Dalam amanat Pembina upacara pagi ini diingatkan dua hal, pertama menyangkut dokumen kependudukan milik peserta didik/siswa yaitu Kartu Keluarga dan Akte Kelahiran mesti selalu diingatkan agar melalui anak, mereka dapat mengingatkan orang tua untuk mengurus dokumen-dokumen itu. Terlebih lagi pada siswa calon peserta ujian tahun ini.

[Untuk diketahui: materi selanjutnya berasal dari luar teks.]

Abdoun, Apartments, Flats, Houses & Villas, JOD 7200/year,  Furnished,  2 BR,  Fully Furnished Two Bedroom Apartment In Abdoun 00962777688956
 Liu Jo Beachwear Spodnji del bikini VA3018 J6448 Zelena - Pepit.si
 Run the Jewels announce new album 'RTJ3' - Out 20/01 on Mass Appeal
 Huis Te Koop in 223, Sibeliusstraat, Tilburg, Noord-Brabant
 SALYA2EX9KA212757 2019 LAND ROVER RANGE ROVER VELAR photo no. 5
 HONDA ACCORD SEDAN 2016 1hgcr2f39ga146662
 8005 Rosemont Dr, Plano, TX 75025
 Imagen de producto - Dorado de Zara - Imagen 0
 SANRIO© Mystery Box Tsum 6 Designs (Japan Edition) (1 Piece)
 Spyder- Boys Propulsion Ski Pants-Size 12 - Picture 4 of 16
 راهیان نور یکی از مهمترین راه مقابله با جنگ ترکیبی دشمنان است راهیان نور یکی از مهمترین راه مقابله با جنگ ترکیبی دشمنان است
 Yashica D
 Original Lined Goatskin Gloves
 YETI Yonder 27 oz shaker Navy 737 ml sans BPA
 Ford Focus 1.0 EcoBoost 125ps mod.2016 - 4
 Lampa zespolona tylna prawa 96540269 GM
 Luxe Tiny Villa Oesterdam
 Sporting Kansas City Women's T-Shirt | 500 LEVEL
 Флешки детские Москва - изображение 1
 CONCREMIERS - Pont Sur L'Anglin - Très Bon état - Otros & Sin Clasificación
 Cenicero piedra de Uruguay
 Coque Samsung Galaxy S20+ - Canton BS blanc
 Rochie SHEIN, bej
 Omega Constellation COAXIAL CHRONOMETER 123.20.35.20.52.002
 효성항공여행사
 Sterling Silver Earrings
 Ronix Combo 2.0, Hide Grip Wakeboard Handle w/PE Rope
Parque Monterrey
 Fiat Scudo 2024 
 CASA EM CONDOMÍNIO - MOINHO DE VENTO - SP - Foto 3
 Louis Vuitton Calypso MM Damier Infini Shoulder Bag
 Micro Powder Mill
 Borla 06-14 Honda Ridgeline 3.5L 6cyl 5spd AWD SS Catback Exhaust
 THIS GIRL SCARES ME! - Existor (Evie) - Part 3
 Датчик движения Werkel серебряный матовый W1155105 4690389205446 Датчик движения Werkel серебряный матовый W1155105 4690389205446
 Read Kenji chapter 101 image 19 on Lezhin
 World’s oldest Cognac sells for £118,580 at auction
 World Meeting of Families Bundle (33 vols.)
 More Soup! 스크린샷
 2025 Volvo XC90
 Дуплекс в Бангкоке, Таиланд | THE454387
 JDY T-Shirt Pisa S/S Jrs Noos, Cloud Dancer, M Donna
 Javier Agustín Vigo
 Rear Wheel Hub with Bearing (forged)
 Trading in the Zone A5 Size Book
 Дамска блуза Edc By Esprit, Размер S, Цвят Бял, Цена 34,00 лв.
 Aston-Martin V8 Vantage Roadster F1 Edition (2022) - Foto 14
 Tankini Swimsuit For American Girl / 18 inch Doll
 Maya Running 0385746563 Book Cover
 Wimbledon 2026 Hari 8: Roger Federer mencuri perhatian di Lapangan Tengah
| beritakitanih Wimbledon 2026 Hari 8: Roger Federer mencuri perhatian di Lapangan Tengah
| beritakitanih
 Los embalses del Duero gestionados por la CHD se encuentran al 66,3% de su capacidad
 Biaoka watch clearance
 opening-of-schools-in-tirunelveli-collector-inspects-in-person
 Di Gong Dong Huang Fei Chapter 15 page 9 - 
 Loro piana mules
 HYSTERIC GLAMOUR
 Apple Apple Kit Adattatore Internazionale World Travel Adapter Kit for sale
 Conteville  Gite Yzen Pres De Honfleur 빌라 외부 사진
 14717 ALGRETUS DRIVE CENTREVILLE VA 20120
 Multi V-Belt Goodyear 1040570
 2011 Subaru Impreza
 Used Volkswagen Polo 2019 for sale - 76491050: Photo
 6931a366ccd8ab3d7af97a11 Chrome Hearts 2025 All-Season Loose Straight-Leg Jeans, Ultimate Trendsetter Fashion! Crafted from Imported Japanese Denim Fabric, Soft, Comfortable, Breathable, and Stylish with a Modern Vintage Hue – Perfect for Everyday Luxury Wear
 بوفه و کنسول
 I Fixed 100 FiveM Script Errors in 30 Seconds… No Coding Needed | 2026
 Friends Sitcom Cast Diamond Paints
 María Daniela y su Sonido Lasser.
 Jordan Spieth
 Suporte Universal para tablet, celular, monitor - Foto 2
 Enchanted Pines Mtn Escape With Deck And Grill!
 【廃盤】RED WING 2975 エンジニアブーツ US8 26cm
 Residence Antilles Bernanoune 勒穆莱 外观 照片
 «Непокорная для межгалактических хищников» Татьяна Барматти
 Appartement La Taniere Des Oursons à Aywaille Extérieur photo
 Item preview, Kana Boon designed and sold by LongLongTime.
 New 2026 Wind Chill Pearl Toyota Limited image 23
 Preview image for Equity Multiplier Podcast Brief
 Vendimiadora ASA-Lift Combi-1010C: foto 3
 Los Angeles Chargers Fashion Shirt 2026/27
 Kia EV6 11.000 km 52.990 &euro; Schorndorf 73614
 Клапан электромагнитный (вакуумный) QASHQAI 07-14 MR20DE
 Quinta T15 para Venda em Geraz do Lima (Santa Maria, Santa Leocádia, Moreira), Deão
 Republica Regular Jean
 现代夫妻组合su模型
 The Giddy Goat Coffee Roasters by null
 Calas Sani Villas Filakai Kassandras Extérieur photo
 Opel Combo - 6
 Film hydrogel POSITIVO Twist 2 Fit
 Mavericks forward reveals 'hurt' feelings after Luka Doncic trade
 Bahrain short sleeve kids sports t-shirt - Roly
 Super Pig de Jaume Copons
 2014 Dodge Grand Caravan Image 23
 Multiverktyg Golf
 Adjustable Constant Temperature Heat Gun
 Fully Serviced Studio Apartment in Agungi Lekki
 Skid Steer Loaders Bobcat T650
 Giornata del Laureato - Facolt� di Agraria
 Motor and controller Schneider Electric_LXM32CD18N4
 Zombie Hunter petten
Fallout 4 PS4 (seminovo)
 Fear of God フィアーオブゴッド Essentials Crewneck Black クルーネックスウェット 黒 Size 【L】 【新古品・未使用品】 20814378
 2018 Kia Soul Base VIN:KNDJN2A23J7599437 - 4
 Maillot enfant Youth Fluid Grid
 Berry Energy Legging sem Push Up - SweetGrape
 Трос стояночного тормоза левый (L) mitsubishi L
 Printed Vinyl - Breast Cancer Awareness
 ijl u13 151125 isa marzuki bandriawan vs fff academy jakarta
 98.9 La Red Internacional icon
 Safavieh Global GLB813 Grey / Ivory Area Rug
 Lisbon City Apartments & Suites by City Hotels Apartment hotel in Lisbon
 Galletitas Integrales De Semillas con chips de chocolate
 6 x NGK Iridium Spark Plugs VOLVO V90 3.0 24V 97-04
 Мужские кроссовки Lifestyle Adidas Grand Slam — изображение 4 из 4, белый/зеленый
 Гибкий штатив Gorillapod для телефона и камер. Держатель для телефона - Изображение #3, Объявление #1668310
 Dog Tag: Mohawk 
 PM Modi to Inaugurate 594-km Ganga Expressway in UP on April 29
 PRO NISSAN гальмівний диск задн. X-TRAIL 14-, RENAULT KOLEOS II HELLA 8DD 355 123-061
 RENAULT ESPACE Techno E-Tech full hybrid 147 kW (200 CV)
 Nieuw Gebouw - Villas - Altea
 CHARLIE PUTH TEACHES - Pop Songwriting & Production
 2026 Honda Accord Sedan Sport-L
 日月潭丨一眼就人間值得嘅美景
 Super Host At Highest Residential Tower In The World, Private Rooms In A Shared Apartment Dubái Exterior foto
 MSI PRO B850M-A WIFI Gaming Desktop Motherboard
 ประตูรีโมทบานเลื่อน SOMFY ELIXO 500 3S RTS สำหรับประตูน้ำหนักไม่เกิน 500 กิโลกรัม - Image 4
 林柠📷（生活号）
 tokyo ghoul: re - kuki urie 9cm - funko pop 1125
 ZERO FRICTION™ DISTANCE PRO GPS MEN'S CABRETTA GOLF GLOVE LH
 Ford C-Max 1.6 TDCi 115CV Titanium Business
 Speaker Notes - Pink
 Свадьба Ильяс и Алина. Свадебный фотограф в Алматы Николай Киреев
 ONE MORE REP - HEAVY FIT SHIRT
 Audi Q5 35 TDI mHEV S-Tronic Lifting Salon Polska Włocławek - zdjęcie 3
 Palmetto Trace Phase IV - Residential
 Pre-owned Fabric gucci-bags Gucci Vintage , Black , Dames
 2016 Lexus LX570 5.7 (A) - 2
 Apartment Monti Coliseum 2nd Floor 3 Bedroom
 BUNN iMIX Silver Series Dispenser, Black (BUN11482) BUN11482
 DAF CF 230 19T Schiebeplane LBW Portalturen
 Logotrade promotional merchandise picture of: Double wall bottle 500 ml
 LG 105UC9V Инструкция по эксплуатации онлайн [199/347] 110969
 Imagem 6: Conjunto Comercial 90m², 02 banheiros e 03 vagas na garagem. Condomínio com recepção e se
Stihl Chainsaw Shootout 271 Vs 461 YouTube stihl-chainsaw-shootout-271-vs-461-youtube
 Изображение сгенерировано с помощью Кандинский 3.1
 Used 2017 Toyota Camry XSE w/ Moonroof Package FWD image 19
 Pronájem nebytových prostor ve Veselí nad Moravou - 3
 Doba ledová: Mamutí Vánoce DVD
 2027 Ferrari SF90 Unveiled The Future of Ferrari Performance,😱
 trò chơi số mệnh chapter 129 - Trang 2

Selanjutnya diingatkan pula akan pentingnya menjaga kesehatan, Cuaca atau iklim yang makin panas, biasanya kita sangat suka mengonsumsi air mineral yang dikemas di dalam plastik. Pembina upacara mengingatkan bahwa air yang dikemas dalam plastik itu disimpan dalam waktu yang lama sejak dari pabrik kemasan, ke gudang dan dari tangan ke tangan distributor hingga pedagang kecil (kios) yang mencual secara mengecer. Air yang dikemas dalam plastik itu menolong untuk segera mendapatkan air pelepas dahaga, namun dalam waktu lama mengancam kesehatan tubuh. Biasakan mempunyai botol air sendiri, di dalam botol itu anak-anak bawalah air bersih dari rumah.
Mengenai kebersihan lingkungan dimana sampah plastik berserakan, Pembina upacara mengingatkan bahwa materi pelajaran tentang bakteri pengurai yang mengurai berbagai material di tanah, tidak mampu mengurai sampah plastik dalam waktu singkat. Oleh karena itu, sampah plastik yang dibuang dari kemasan makanan dan minuman, baiknya dikumpulkan. Di Buraen belum ada upaya untuk melakukan olah sampah plastik menjadi barang bernilai ekonomi, maka sebaiknya mungkin dibakar sebagai jalan keluar.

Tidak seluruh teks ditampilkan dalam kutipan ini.